I can only imagine the mainland of Canada—of maritime Québec and the mystery of Labrador to the far, far North.

I imagine all of us as little spruce trees sculpted by our own tribulations into our own individual shapes.

Gros Morne—from the French, meaning “great sombre” or “large mountain standing alone”—the namesake of the 697 mi² park’s highest peak.

We climb this peak on our second day in Newfoundland.

Its scalp is an arctic-alpine of an ‘island’ left over from earlier times where white, arctic foxes still pounce.

It takes nearly a half day but we arrive on the summit.

We see grouse bleaching their feathery coats for winter, luminescent lichen on rocks, a lone caribou, fossilized trilobites imprinted in rocks, and hawk eye views of freshwater lakes with 2,000-foot cliffs that were once fjords until the land rebounded and they were ostracized from the sea.

On our last day in the park we take a boat up one of these fjords, Western Brook Pond, where we see falls like Mare Piss and walls you’ve been tricked into thinking exist only in Norway or New Zealand.

Pond—noun—Typically, a small body of still water formed naturally or by hollowing or embanking. But here, in Newfoundland, ponds are massive lakes, which I admire. It shows the Newfoundlander’s charisma and hardiness—to make the vast and foreboding bite sized.

There are two common ways to arrive at Gros Morne.

The first is a six-hour ferry from mainland Nova Scotia to Channel-Port aux Basques, Newfoundland, followed by a three and a half hour drive.

The second is a direct flight from Toronto to Deer Lake, with an hour and a half drive to the park via the Viking Trail, highway 430.

We take a segment of the Viking Trail which eventually winds itself all the way to the northern peninsula to L’Anse aux Meadows where the only proven Viking settlement in Canada rests.

It is an overcast autumn morning and the rolling road is slick with last night’s rain.
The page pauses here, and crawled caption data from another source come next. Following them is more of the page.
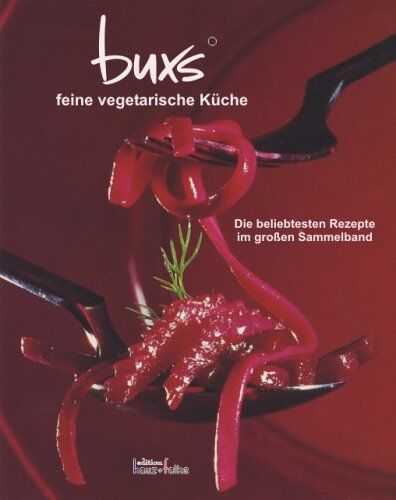 Anna Lander - buxs - feine vegetarische Küche: Die beliebtesten Rezepte im grossen Sammelband - Preis vom 13.10.2026 11:25:28 h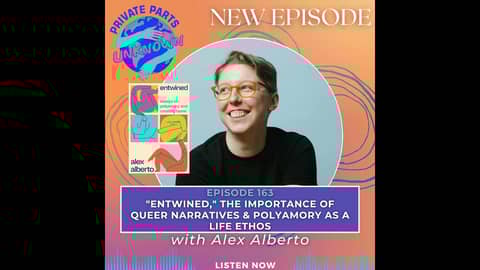"Entwined," the Importance of Queer Narratives & Polyamory as a Life Ethos with Alex Alberto "Entwined," the Importance of Queer Narratives & Polyamory as a Life Ethos with Alex Alberto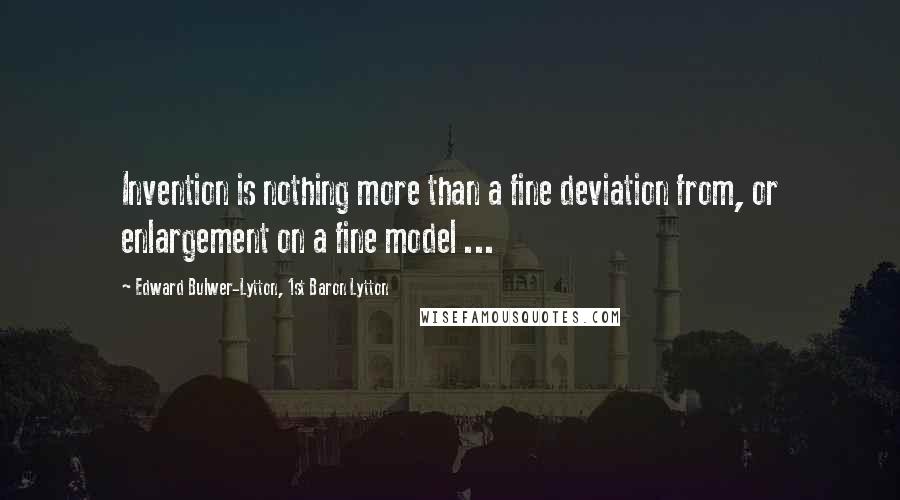 Edward Bulwer-Lytton, 1st Baron Lytton Quotes: Invention is nothing more than a fine deviation from, or enlargement on a fine model ...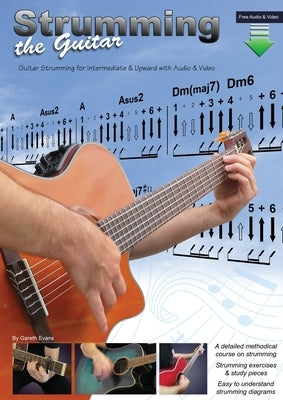 Strumming the Guitar: Guitar Strumming for Intermediate & Upward with Audio & Video by Evans, Gareth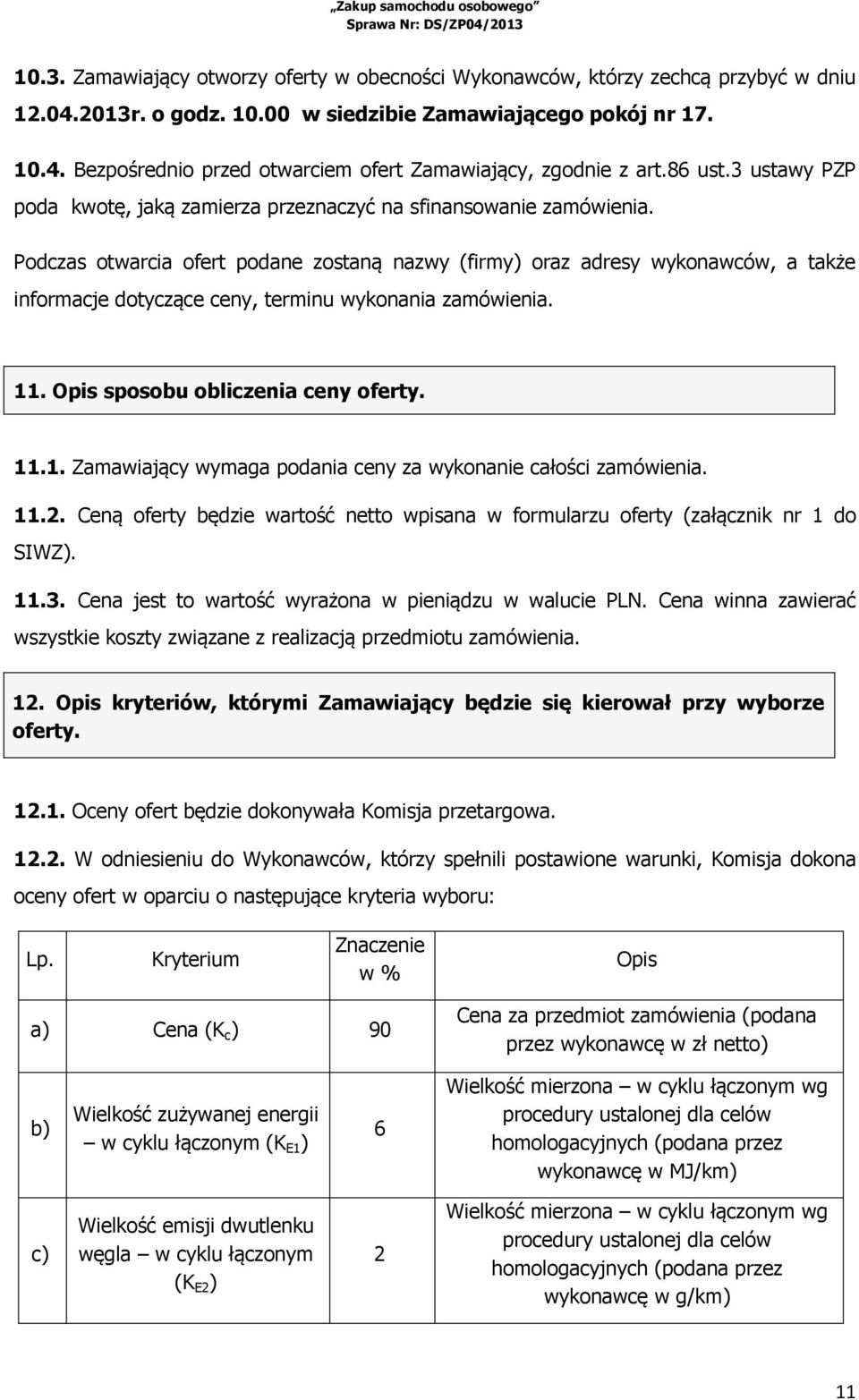 Podczas otwarcia ofert podane zostaną nazwy (firmy) oraz adresy wykonawców, a także informacje dotyczące ceny, terminu wykonania zamówienia. 11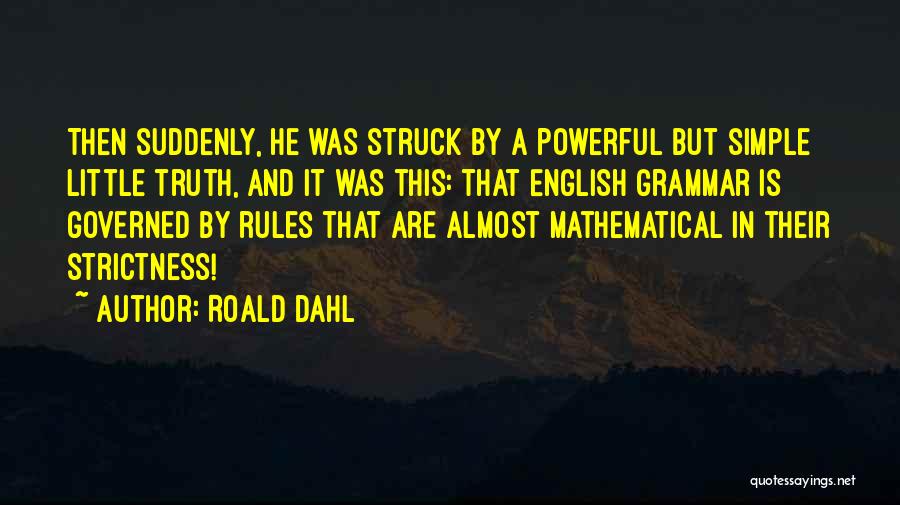 Roald Dahl Quotes: Then Suddenly, He Was Struck By A Powerful But Simple Little Truth, And It Was This: That English Grammar Is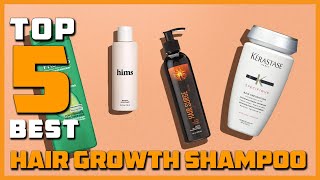 Best Hair Growth Shampoos in 2023  Top 5 Review and Buying Guide [upl. by Snapp]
Lining the highway are birch trees popping their bright fall reds like lovesick confetti and every so often, yellow caution signs depicting wrecked cars and giant bull moose with racks the size of bumpers.

As fellow INTO travel writer David Duran drives, I am on moose watch looking vigilantly for unexpected Alces alces.

It is estimated the park is home to the largest density of moose in the world, and our guide, Neil from Tour Gros Morne, whom we meet at the park’s visitors center, later tells us of the region’s specialty moose-burgers—and that many locals have freezers full of moose meat stored for the winter.

While some tourists come to hunt moose in the surrounding region, most come to the park for rocks.

Neil walks us through the center’s extensive geology exhibition—we take note of the peridotite—which Neil uses to explain in the park’s founding as not only a national park, but as a UNESCO World Heritage Site.

In layman’s terms, the park is the geological field lab equivalent of Einstein’s laboratory.

Peridotite—noun—a dense, coarse-grained ultramafic igneous rock consisting mostly of the minerals olivine and pyroxene.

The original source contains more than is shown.